- Material provided
+ + + +

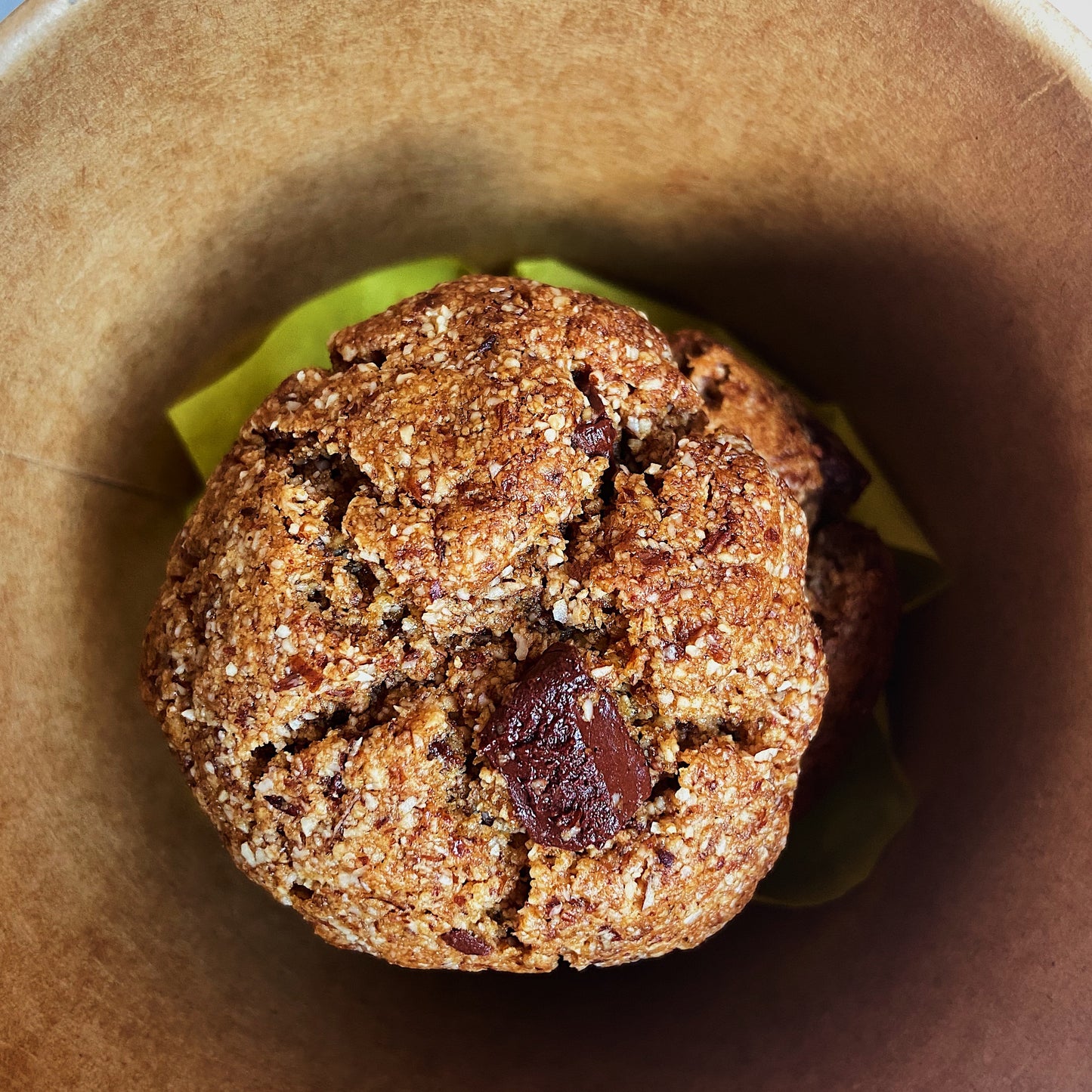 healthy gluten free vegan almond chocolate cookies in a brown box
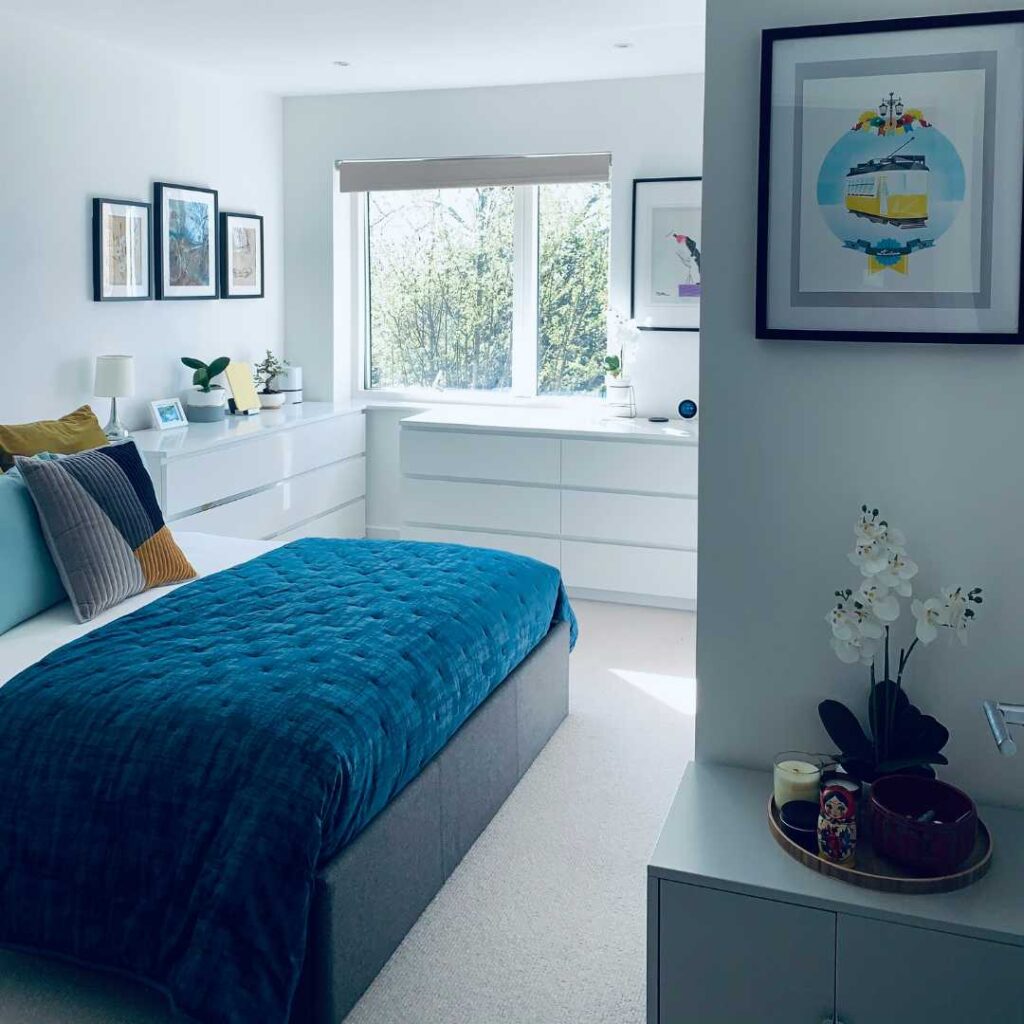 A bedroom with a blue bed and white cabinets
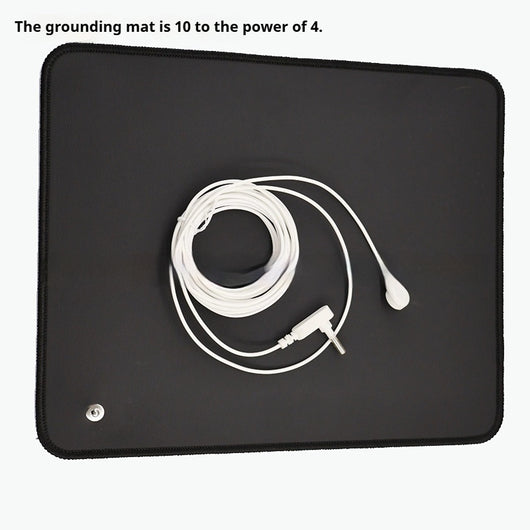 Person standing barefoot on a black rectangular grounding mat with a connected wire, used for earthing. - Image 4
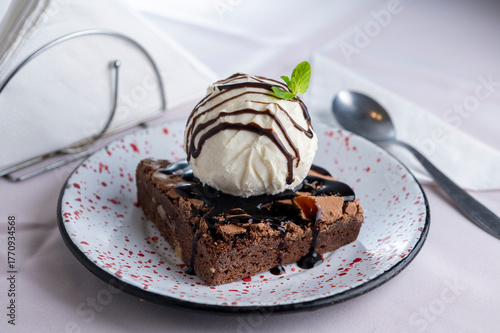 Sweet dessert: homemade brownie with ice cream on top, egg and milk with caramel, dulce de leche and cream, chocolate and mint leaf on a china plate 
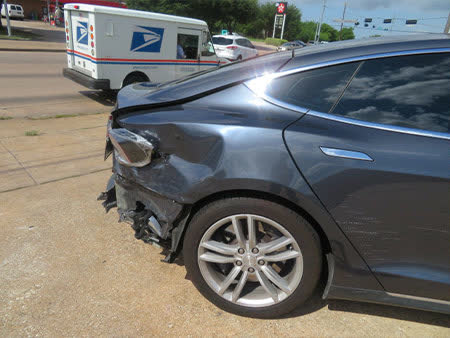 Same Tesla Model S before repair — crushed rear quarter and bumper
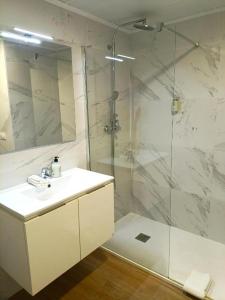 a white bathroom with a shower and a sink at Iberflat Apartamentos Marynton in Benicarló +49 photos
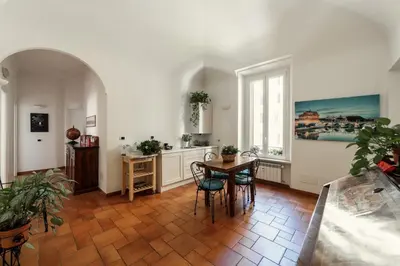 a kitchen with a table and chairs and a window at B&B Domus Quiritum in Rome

+ + + +

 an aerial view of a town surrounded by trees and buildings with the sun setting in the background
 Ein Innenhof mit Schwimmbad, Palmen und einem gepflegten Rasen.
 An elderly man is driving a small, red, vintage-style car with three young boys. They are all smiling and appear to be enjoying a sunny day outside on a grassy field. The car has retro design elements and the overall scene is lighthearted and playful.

+ + + +

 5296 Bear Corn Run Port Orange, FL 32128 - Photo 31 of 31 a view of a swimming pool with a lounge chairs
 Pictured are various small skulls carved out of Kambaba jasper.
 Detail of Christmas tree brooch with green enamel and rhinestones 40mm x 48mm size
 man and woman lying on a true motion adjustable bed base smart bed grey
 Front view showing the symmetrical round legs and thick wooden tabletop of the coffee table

+ + + +

- Problem statement
From the listing above, collect each line in which the string "view" appears.

- Answer to the problem
 an aerial view of a town surrounded by trees and buildings with the sun setting in the background
 5296 Bear Corn Run Port Orange, FL 32128 - Photo 31 of 31 a view of a swimming pool with a lounge chairs
 Front view showing the symmetrical round legs and thick wooden tabletop of the coffee table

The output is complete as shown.